### Assigned task
Write out each entry once more so that it matches the original exactly.

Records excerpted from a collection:
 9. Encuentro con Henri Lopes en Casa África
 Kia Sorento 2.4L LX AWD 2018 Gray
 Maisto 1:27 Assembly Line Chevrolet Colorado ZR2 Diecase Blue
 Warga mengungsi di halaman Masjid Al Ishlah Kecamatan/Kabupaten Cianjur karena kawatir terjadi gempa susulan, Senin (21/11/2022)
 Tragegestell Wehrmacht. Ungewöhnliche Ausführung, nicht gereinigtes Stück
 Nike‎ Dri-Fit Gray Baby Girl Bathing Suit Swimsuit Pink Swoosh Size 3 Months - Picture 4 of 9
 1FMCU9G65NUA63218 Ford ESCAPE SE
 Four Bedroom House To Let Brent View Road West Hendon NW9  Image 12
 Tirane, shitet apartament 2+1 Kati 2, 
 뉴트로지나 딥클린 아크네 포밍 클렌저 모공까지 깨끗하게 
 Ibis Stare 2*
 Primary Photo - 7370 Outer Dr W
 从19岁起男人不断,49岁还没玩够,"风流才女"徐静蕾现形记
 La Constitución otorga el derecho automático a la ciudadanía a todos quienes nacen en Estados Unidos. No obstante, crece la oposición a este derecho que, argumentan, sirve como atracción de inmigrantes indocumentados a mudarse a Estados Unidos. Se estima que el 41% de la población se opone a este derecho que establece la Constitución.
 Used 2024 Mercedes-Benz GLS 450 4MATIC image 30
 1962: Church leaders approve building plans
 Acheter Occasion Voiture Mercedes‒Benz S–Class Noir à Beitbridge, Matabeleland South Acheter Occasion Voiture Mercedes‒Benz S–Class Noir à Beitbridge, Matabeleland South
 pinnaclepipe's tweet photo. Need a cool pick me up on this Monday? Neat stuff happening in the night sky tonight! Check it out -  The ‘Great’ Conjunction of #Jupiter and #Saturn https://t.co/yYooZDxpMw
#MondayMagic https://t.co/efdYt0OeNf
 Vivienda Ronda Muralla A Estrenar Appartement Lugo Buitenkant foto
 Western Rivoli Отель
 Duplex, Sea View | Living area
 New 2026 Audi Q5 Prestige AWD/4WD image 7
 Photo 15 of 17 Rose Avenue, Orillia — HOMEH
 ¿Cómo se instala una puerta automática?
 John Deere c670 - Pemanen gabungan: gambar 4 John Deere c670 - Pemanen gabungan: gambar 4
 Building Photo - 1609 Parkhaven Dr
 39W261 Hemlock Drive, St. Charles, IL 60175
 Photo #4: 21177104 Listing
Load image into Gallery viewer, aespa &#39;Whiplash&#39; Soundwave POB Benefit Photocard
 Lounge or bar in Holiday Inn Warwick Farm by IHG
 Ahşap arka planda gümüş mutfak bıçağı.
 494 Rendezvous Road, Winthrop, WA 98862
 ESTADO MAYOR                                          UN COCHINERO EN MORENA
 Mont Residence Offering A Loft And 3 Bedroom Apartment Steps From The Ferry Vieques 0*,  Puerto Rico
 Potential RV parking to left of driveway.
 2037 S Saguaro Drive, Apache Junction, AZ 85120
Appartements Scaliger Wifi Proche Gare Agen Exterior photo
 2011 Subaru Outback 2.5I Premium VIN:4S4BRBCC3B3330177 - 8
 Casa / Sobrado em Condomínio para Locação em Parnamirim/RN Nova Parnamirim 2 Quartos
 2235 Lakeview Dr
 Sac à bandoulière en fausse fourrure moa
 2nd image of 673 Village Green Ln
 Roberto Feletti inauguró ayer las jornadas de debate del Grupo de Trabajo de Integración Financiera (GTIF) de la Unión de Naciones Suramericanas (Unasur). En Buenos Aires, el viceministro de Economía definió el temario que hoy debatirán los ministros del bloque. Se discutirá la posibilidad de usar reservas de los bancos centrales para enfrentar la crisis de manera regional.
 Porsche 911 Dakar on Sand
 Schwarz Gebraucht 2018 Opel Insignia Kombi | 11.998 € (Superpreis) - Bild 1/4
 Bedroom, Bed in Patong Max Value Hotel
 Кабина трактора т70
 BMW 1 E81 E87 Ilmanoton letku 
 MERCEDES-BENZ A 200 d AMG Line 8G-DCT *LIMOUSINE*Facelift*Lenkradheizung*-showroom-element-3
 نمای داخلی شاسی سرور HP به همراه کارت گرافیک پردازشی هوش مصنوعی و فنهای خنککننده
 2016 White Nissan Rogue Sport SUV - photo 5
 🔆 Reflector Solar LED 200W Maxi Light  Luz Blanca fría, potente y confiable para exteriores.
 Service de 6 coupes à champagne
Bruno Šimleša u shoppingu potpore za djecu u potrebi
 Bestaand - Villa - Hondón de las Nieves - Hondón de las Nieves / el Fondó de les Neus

### Response to this task
 9. Encuentro con Henri Lopes en Casa África
 Kia Sorento 2.4L LX AWD 2018 Gray
 Maisto 1:27 Assembly Line Chevrolet Colorado ZR2 Diecase Blue
 Warga mengungsi di halaman Masjid Al Ishlah Kecamatan/Kabupaten Cianjur karena kawatir terjadi gempa susulan, Senin (21/11/2022)
 Tragegestell Wehrmacht. Ungewöhnliche Ausführung, nicht gereinigtes Stück
 Nike‎ Dri-Fit Gray Baby Girl Bathing Suit Swimsuit Pink Swoosh Size 3 Months - Picture 4 of 9
 1FMCU9G65NUA63218 Ford ESCAPE SE
 Four Bedroom House To Let Brent View Road West Hendon NW9  Image 12
 Tirane, shitet apartament 2+1 Kati 2, 
 뉴트로지나 딥클린 아크네 포밍 클렌저 모공까지 깨끗하게 
 Ibis Stare 2*
 Primary Photo - 7370 Outer Dr W
 从19岁起男人不断,49岁还没玩够,"风流才女"徐静蕾现形记
 La Constitución otorga el derecho automático a la ciudadanía a todos quienes nacen en Estados Unidos. No obstante, crece la oposición a este derecho que, argumentan, sirve como atracción de inmigrantes indocumentados a mudarse a Estados Unidos. Se estima que el 41% de la población se opone a este derecho que establece la Constitución.
 Used 2024 Mercedes-Benz GLS 450 4MATIC image 30
 1962: Church leaders approve building plans
 Acheter Occasion Voiture Mercedes‒Benz S–Class Noir à Beitbridge, Matabeleland South Acheter Occasion Voiture Mercedes‒Benz S–Class Noir à Beitbridge, Matabeleland South
 pinnaclepipe's tweet photo. Need a cool pick me up on this Monday? Neat stuff happening in the night sky tonight! Check it out -  The ‘Great’ Conjunction of #Jupiter and #Saturn https://t.co/yYooZDxpMw
#MondayMagic https://t.co/efdYt0OeNf
 Vivienda Ronda Muralla A Estrenar Appartement Lugo Buitenkant foto
 Western Rivoli Отель
 Duplex, Sea View | Living area
 New 2026 Audi Q5 Prestige AWD/4WD image 7
 Photo 15 of 17 Rose Avenue, Orillia — HOMEH
 ¿Cómo se instala una puerta automática?
 John Deere c670 - Pemanen gabungan: gambar 4 John Deere c670 - Pemanen gabungan: gambar 4
 Building Photo - 1609 Parkhaven Dr
 39W261 Hemlock Drive, St. Charles, IL 60175
 Photo #4: 21177104 Listing
Load image into Gallery viewer, aespa &#39;Whiplash&#39; Soundwave POB Benefit Photocard
 Lounge or bar in Holiday Inn Warwick Farm by IHG
 Ahşap arka planda gümüş mutfak bıçağı.
 494 Rendezvous Road, Winthrop, WA 98862
 ESTADO MAYOR                                          UN COCHINERO EN MORENA
 Mont Residence Offering A Loft And 3 Bedroom Apartment Steps From The Ferry Vieques 0*,  Puerto Rico
 Potential RV parking to left of driveway.
 2037 S Saguaro Drive, Apache Junction, AZ 85120
Appartements Scaliger Wifi Proche Gare Agen Exterior photo
 2011 Subaru Outback 2.5I Premium VIN:4S4BRBCC3B3330177 - 8
 Casa / Sobrado em Condomínio para Locação em Parnamirim/RN Nova Parnamirim 2 Quartos
 2235 Lakeview Dr
 Sac à bandoulière en fausse fourrure moa
 2nd image of 673 Village Green Ln
 Roberto Feletti inauguró ayer las jornadas de debate del Grupo de Trabajo de Integración Financiera (GTIF) de la Unión de Naciones Suramericanas (Unasur). En Buenos Aires, el viceministro de Economía definió el temario que hoy debatirán los ministros del bloque. Se discutirá la posibilidad de usar reservas de los bancos centrales para enfrentar la crisis de manera regional.
 Porsche 911 Dakar on Sand
 Schwarz Gebraucht 2018 Opel Insignia Kombi | 11.998 € (Superpreis) - Bild 1/4
 Bedroom, Bed in Patong Max Value Hotel
 Кабина трактора т70
 BMW 1 E81 E87 Ilmanoton letku 
 MERCEDES-BENZ A 200 d AMG Line 8G-DCT *LIMOUSINE*Facelift*Lenkradheizung*-showroom-element-3
 نمای داخلی شاسی سرور HP به همراه کارت گرافیک پردازشی هوش مصنوعی و فنهای خنککننده
 2016 White Nissan Rogue Sport SUV - photo 5
 🔆 Reflector Solar LED 200W Maxi Light  Luz Blanca fría, potente y confiable para exteriores.
 Service de 6 coupes à champagne
Bruno Šimleša u shoppingu potpore za djecu u potrebi
 Bestaand - Villa - Hondón de las Nieves - Hondón de las Nieves / el Fondó de les Neus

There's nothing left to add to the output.